=== Aim of the exercise ===
Where the line containing "マーキュリアルヴェイパー１５ＦＧ　新品未使用　２７.５cm" appears in the records below, begin there and write out each line exactly until the last one, and nothing more.

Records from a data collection
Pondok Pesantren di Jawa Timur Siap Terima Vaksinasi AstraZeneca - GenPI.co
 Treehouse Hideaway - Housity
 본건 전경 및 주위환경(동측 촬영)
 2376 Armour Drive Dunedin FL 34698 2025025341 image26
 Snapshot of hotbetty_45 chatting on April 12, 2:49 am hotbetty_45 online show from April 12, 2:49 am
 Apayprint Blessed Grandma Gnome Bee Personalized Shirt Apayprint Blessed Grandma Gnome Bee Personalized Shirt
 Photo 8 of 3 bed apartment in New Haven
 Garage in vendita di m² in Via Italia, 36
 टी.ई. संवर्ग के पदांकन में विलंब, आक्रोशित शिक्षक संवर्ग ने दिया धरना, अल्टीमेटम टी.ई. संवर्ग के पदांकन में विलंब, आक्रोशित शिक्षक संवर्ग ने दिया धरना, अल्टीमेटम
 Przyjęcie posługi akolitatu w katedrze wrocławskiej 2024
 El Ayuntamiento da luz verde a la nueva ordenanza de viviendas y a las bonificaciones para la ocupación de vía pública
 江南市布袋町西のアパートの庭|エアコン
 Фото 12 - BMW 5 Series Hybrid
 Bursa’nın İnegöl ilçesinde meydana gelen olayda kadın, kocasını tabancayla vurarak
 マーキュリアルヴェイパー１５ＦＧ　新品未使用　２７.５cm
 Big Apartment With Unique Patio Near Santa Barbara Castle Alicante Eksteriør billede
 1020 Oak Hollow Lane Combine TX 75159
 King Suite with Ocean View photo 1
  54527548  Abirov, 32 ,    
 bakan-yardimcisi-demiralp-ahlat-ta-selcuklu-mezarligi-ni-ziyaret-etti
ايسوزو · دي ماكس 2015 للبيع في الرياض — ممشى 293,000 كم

=== Result of the exercise ===
 マーキュリアルヴェイパー１５ＦＧ　新品未使用　２７.５cm
 Big Apartment With Unique Patio Near Santa Barbara Castle Alicante Eksteriør billede
 1020 Oak Hollow Lane Combine TX 75159
 King Suite with Ocean View photo 1
  54527548  Abirov, 32 ,    
 bakan-yardimcisi-demiralp-ahlat-ta-selcuklu-mezarligi-ni-ziyaret-etti
ايسوزو · دي ماكس 2015 للبيع في الرياض — ممشى 293,000 كم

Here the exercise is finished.